Input data:
^^^^^^^^

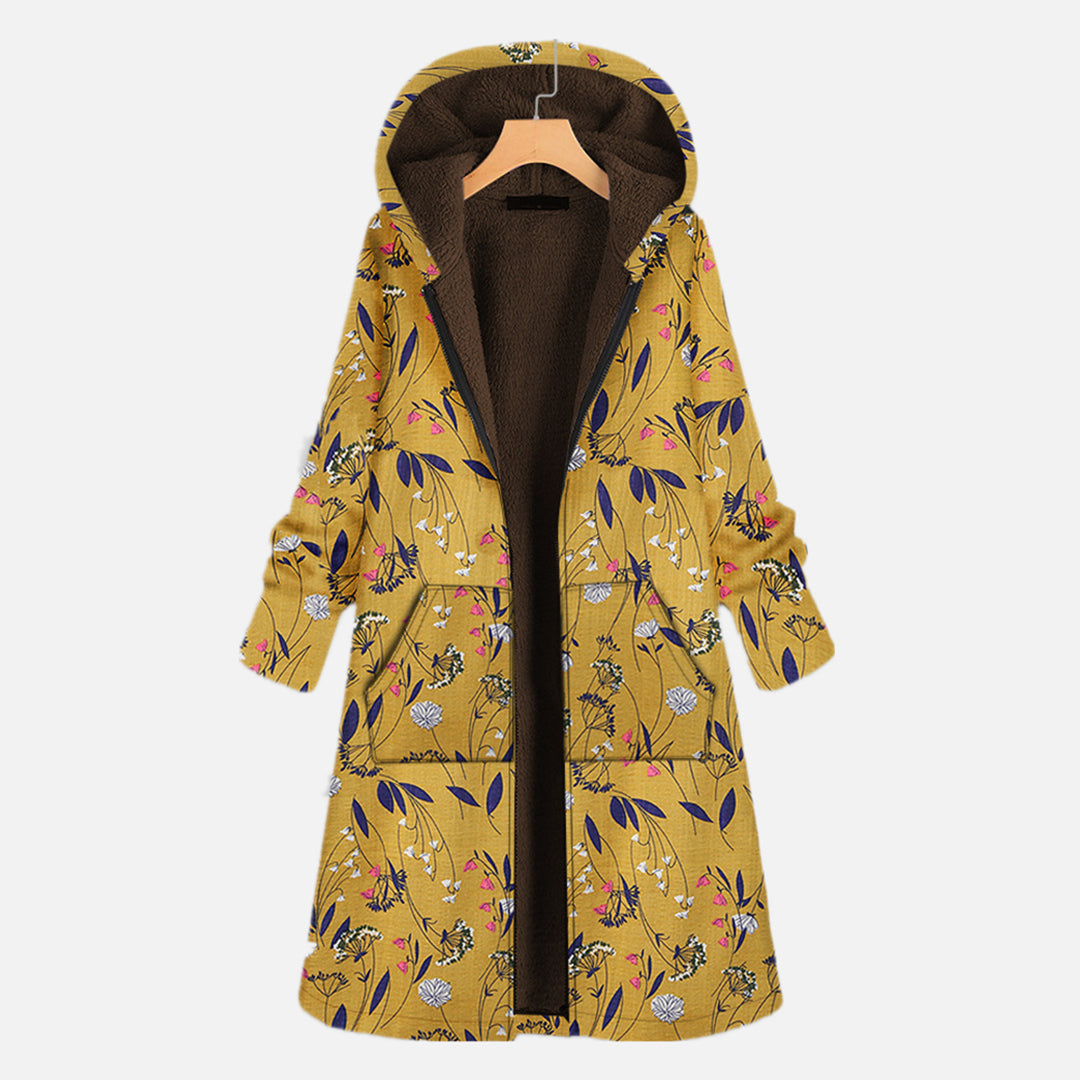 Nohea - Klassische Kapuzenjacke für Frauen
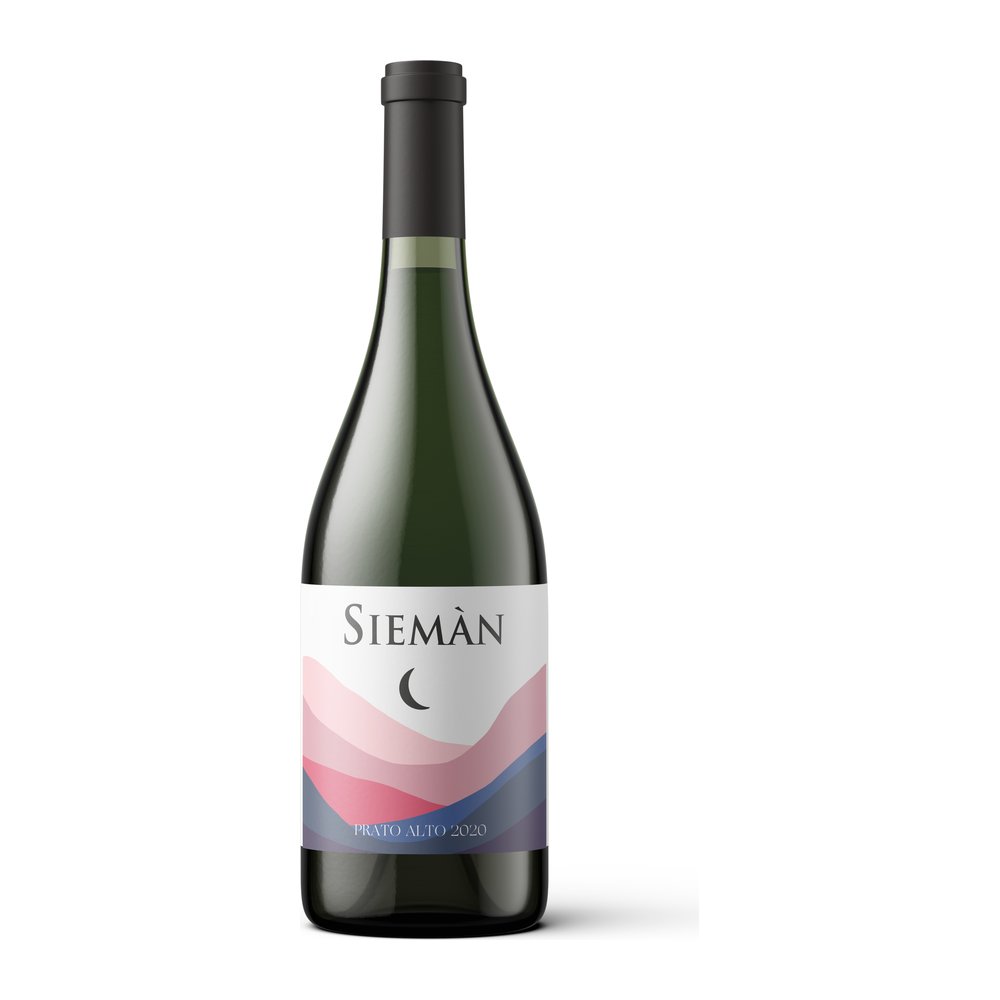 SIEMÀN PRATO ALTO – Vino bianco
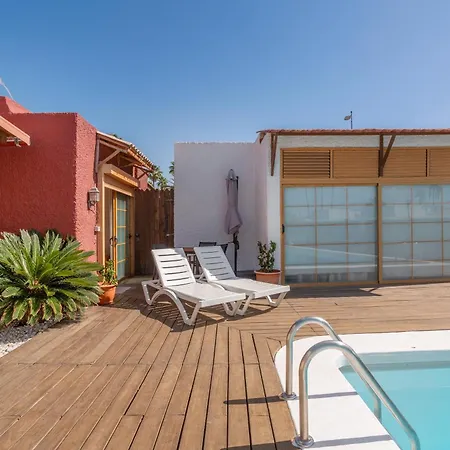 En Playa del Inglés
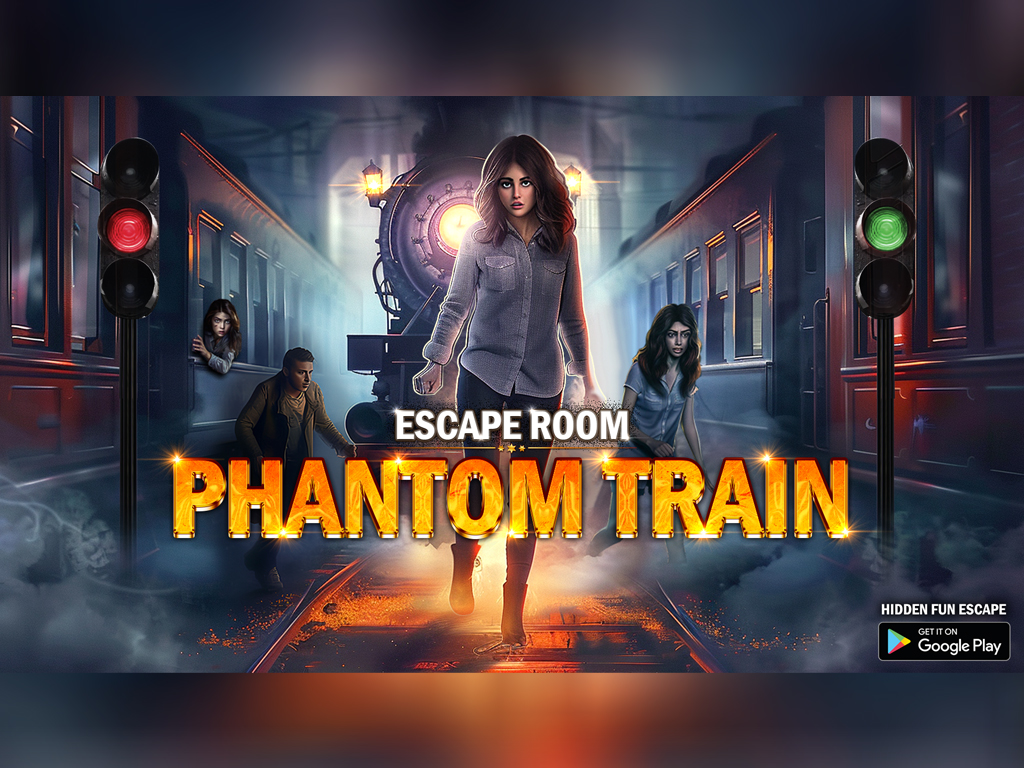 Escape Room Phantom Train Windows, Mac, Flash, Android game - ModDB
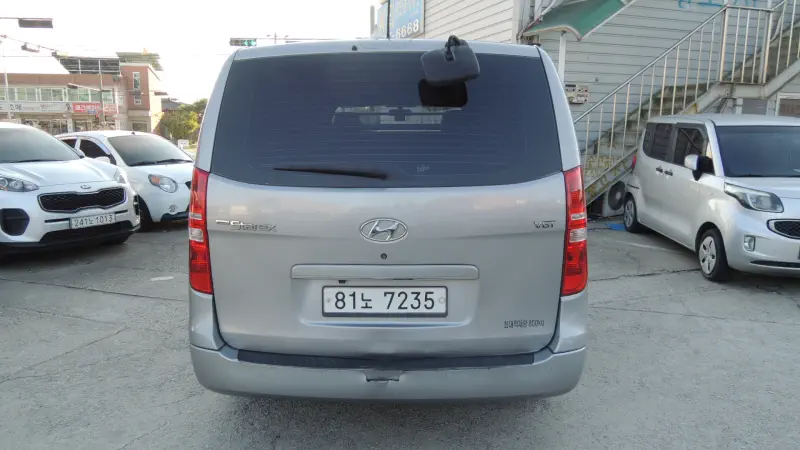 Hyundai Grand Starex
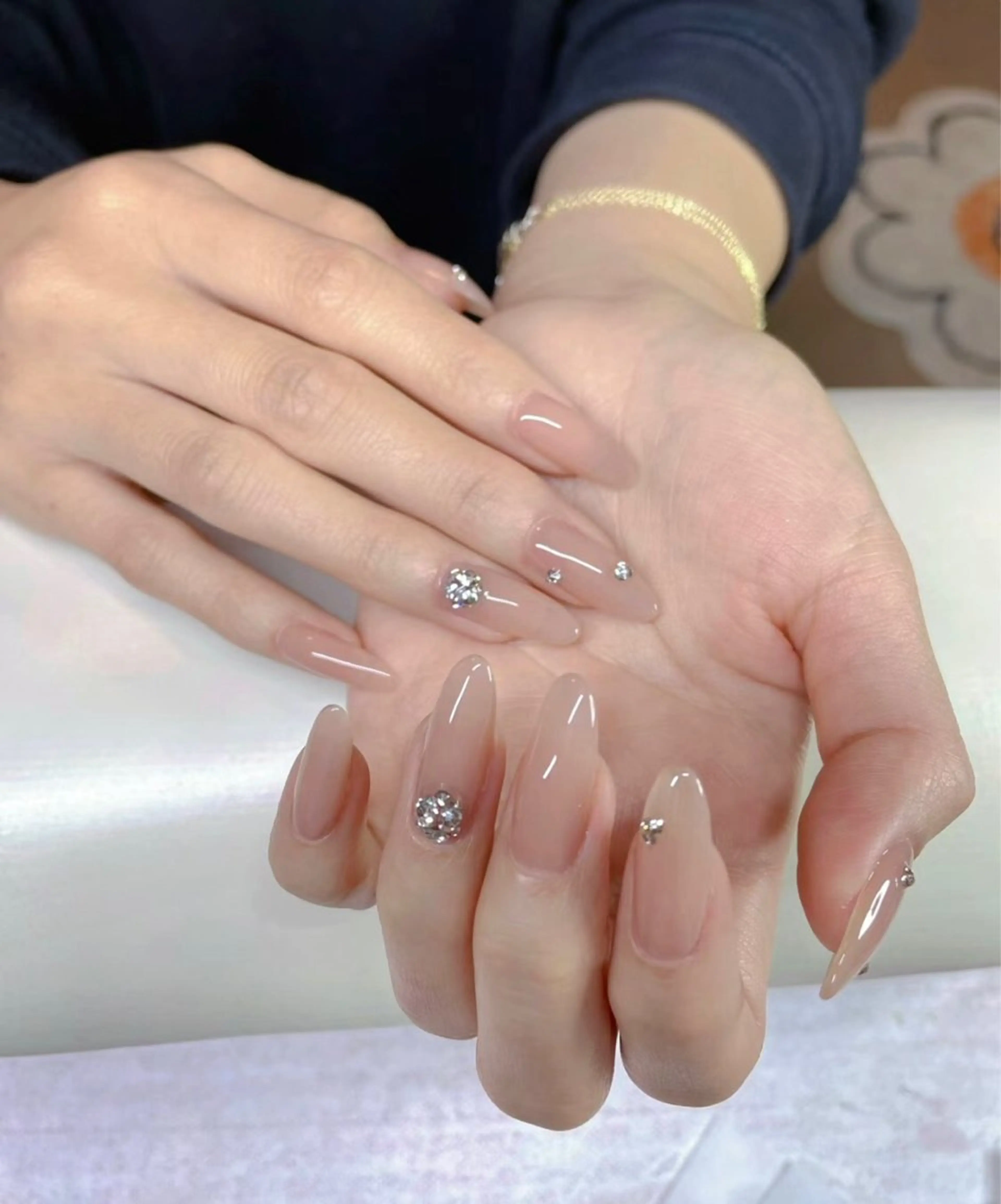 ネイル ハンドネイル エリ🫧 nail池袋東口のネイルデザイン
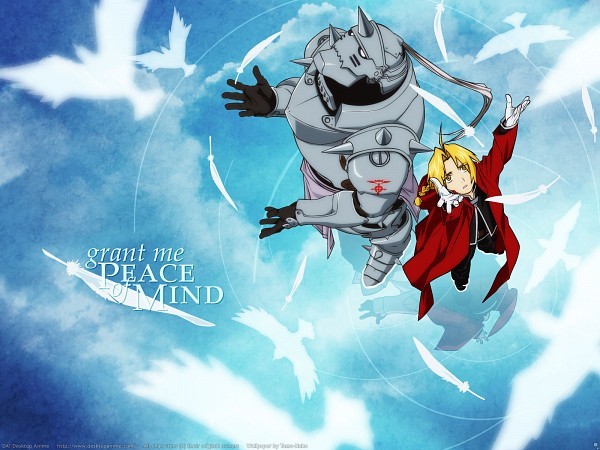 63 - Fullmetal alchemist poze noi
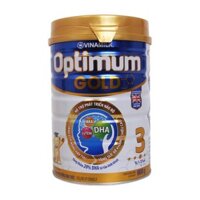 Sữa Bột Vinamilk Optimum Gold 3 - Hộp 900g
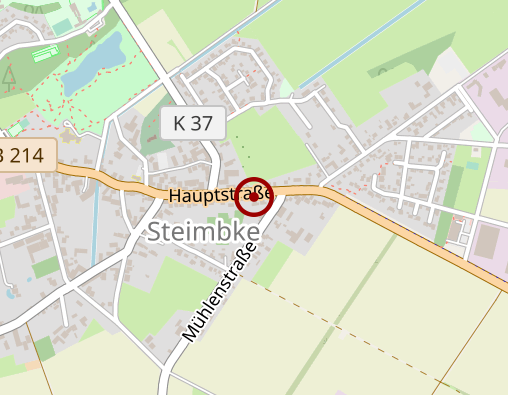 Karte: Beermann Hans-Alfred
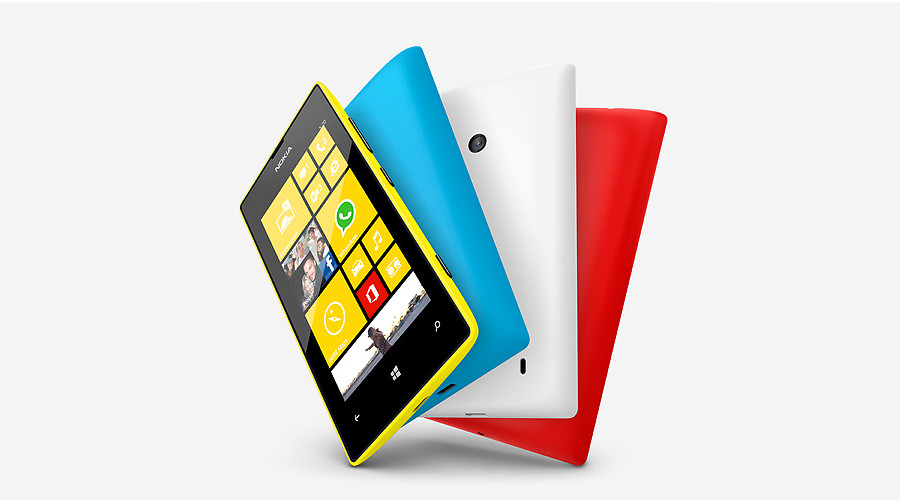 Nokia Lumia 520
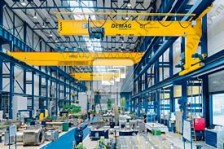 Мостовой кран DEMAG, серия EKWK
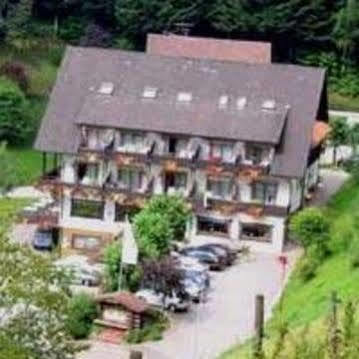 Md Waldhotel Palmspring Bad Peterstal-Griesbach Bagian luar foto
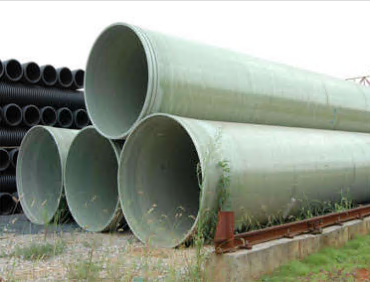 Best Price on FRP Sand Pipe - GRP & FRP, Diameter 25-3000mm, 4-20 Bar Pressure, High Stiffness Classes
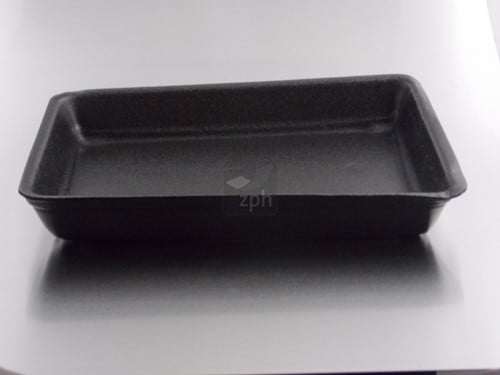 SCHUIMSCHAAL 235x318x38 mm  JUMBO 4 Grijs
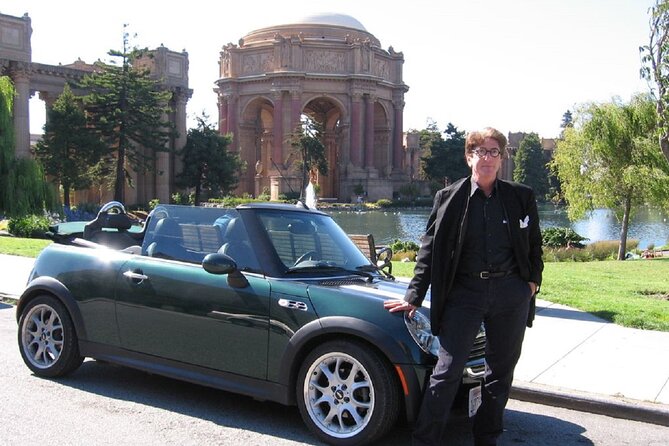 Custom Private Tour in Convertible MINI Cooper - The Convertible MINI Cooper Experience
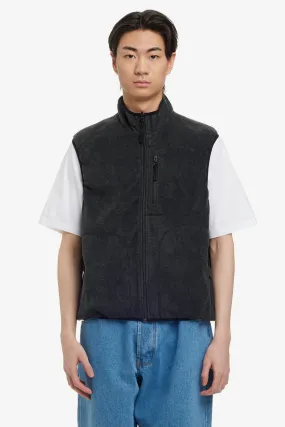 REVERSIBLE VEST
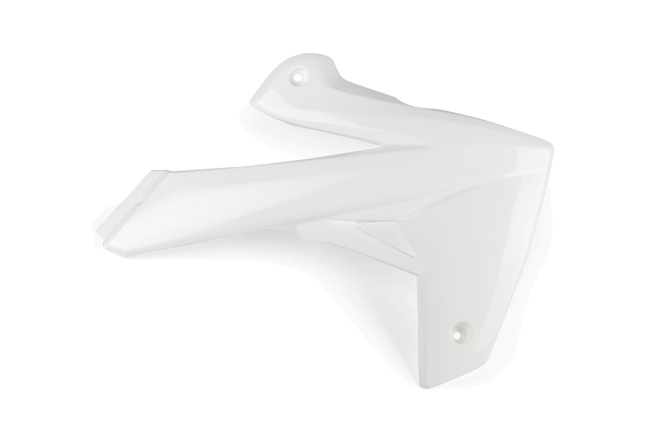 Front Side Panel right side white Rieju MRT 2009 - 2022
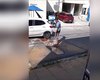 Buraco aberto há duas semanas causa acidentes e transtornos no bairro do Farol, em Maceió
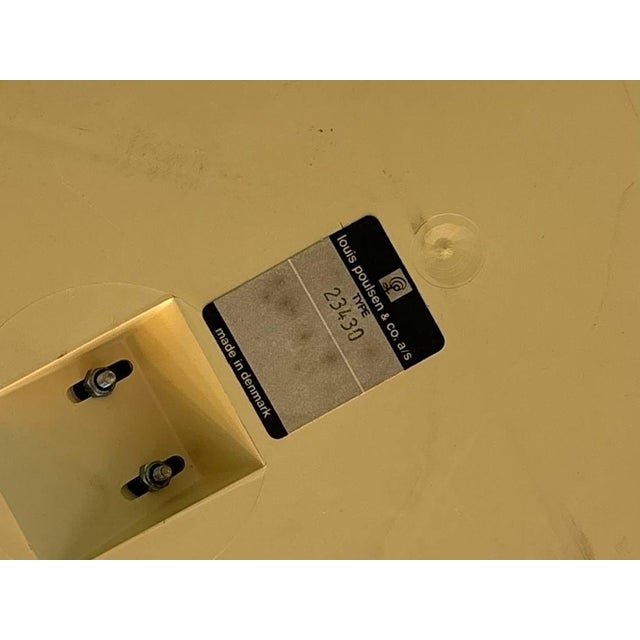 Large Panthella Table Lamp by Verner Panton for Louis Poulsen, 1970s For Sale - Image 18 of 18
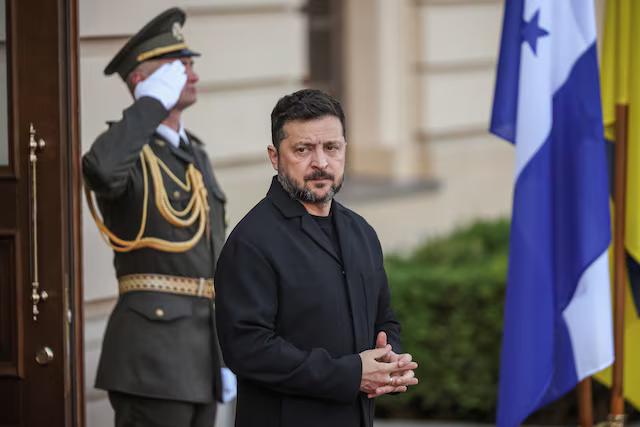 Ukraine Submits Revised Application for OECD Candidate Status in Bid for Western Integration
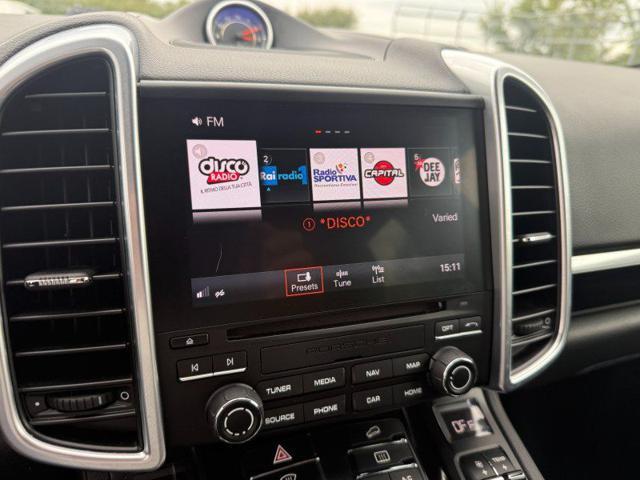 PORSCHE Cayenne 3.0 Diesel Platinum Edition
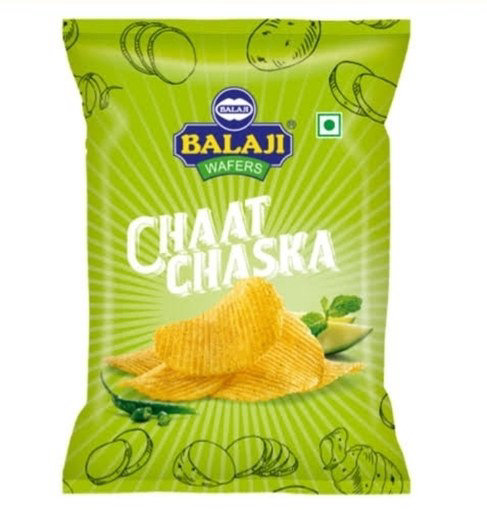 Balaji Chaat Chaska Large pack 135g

^^^^^^^^

Prompt: Copy out the lines above in full and unaltered, apart from the pictures.

Answer to the problem:
 Nohea - Klassische Kapuzenjacke für Frauen
 SIEMÀN PRATO ALTO – Vino bianco
 En Playa del Inglés
 Escape Room Phantom Train Windows, Mac, Flash, Android game - ModDB
 Hyundai Grand Starex
 ネイル ハンドネイル エリ🫧 nail池袋東口のネイルデザイン
 63 - Fullmetal alchemist poze noi
 Sữa Bột Vinamilk Optimum Gold 3 - Hộp 900g
 Karte: Beermann Hans-Alfred
 Nokia Lumia 520
 Мостовой кран DEMAG, серия EKWK
 Md Waldhotel Palmspring Bad Peterstal-Griesbach Bagian luar foto
 Best Price on FRP Sand Pipe - GRP & FRP, Diameter 25-3000mm, 4-20 Bar Pressure, High Stiffness Classes
 SCHUIMSCHAAL 235x318x38 mm  JUMBO 4 Grijs
 Custom Private Tour in Convertible MINI Cooper - The Convertible MINI Cooper Experience
 REVERSIBLE VEST
 Front Side Panel right side white Rieju MRT 2009 - 2022
 Buraco aberto há duas semanas causa acidentes e transtornos no bairro do Farol, em Maceió
 Large Panthella Table Lamp by Verner Panton for Louis Poulsen, 1970s For Sale - Image 18 of 18
 Ukraine Submits Revised Application for OECD Candidate Status in Bid for Western Integration
 PORSCHE Cayenne 3.0 Diesel Platinum Edition
 Balaji Chaat Chaska Large pack 135g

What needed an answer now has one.